Content starts

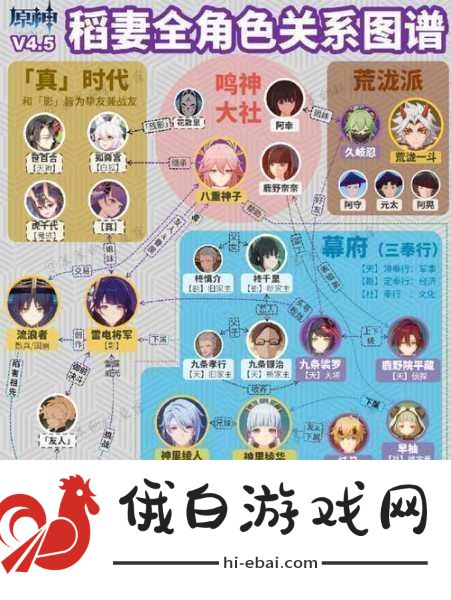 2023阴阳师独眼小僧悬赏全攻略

Content ends
Content starts

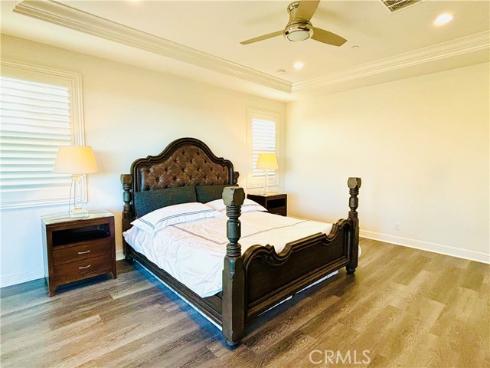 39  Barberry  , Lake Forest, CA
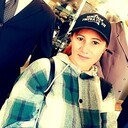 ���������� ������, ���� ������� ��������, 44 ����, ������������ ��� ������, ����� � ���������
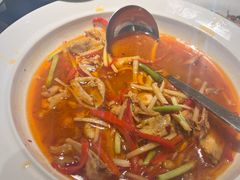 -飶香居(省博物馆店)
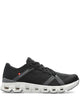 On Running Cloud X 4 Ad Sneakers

Content ends

(PROBLEM DESCRIPTION): In the data above, find the line containing "Lake Forest, CA" and the line containing "On Running Cloud X 4 Ad Sneakers". Copy exactly the stretch from the first through the second, both included, leaving out any picture.

(RESPONSE AREA):
 39  Barberry  , Lake Forest, CA
 ���������� ������, ���� ������� ��������, 44 ����, ������������ ��� ������, ����� � ���������
 -飶香居(省博物馆店)
 On Running Cloud X 4 Ad Sneakers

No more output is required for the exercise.